不動産の取引では、土地の境界線を正確に把握することが、トラブルのない取引の重要なポイントのひとつでしょう。
そこで今回は、境界石・鋲について、その種類や見るポイントなどについて紹介していきます。
境界石とは
境界石とは、隣接する土地の境界がどのラインにあるかを示している標識です。「石」と言われていますが、実際にはコンクリートや金属、プラスチックなどで鋲の場合もあります。
土地の測量をした「土地家屋調査士」が設置の手続きを行っており、土地を所有している人にとって、測量図と境界石の存在は、土地取引をする上で非常に重要なものになっています。
基本としては、隣地と接する全てのポイント地点にあり、道路と土地の境界にも設けられています。
境界石の役割
境界石は、隣地との境界を視覚的に「明確化」しているものであり、所有者のみならず、第三者にも認識できるものです。
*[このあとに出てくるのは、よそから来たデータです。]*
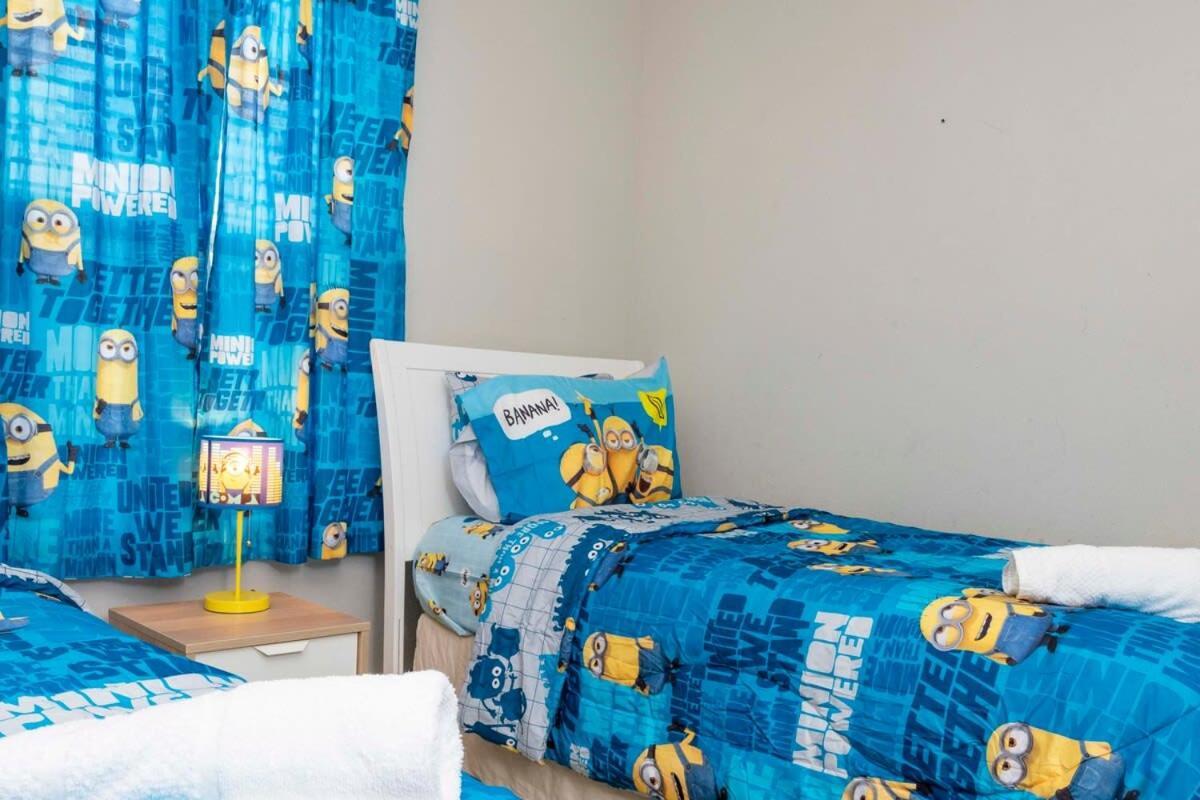 Four Bedrooms At Compass Bay Kissimmee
そのため、「境界はこの辺りだったと思う」という曖昧な判断をすることなく認識できます。
もし境界石がなかったら、塀がないような土地の場合、正直どのあたりが境界だったのかが、長い年月でわからなくなってしまう恐れがあるでしょう。境界石は、土地のトラブルを防ぐ意味でも重要な役割を担っているのです。
境界石の種類
境界石は、境界となるポイント地点や杭・鋲の素材によって次のような図柄の種類があります。
・●印
木杭が境界石となっているときに使われることがあります。四角の木杭の中央あるいは端に●印があり、●が境界地点を示しています。
・矢印
垂直や45度などで境界ポイントを示しています。道路との境界などで目にする機会が多いのではないでしょうか。
・十字
境界石の中央で十字に表記されています。隣地との境界ポイントで多く使われています。十字になっていることで、同時に4つの土地の境界ポイントを示すことができます。
・T字
境界石の片側に向けてTの字のように表記されています。T字になっていることで、道路と隣地など3つの土地の境界ポイントを示すことができます。
■境界石を見るポイント
ここからは、境界石を見るポイントについて確認していきましょう。
境界石は正しい位置にあるか
境界石が正しい位置にあるか、現地で測量図と照らし合わせながら確認する必要があります。なぜなら、境界付近の工事をしたり、車両にふまれるなどで、まれに境界石が「無くなっている、移動している」というケースがあるためです。確認すべきポイントをしっかりと見ておきましょう。
また、境界石は「石」という概念が強すぎて、「鋲」が境界ポイントにあっても気が付かないことがあります。「境界石がない」と思ったときは、別の素材のものや埋もれている可能性がないかも考慮しましょう。
境界石がはっきり読み取れるか
境界石に表記されているポイント地点のマークが、はっきりと読み取れる状態であるか、必ず確認しましょう。境界石や鋲などのポイント表記は、年数が経つと薄く劣化することがありますので、しっかりと確認しておきたいですね。
境界石の見分け方!気を付けるべき3つのポイント
最後に、境界石を確認するときには、どのようなことに気をつけるべきか、ポイントをお伝えします。
①境界確認は立ち合いする
土地の売買をするときに、一般的には境界確認を行いますが、境界確認は必ず隣地の所有者と立ち合って行います。たとえ境界石があったとしても、「お互いその位置で相違ないですね」という了承が必要です。こちらを疎かにすると、後々「この境界は納得できない」などとトラブルになるケースもありますので、必須事項です。
②境界と塀の位置関係
境界位置に、ブロック塀や木塀などが建っているときは、塀の基礎・土台(土に埋まっている部分)の位置に注意しましょう。特にブロック塀の基礎はブロックよりも大きめに造られていることが多く、外に出ている塀よりも基礎が隣地に越境しているケースも少なくありません。
また、隣地同士でお金を出し合い、境界の真ん中にブロック塀を施工していることもあります。境界石の位置と塀の位置関係がどのようになっているか、しっかりと見ておきます。
③境界付近の付属建物等について
境界付近の付属建物・植栽等がある場合、隣に越境していないかなど確認をします。たとえば、境界ギリギリの場所に物置を置いてあることがあります。この場合、物置の屋根の高勾配は注意しなければなりません。屋根の勾配が隣地側に下がっていて、境界ギリギリの場合、雨や雪は隣地に流れてしまいます。また、植栽の枝も不用意に越境していると、望ましくありません。境界石よりも超えることは、建物以外でも気を配る必要があるのです。
まとめ
今回は、不動産取引ではとても重要になる境界石について、境界石の概要や見るポイントなどについてお伝えしました。実務では、境界石があったとしてもトラブルがまったくないというわけではありません。しかし、境界石を基に隣地所有者としっかり確認しながら、手順通りに進めていくことで、スムーズに手続きを行うことが出来るでしょう。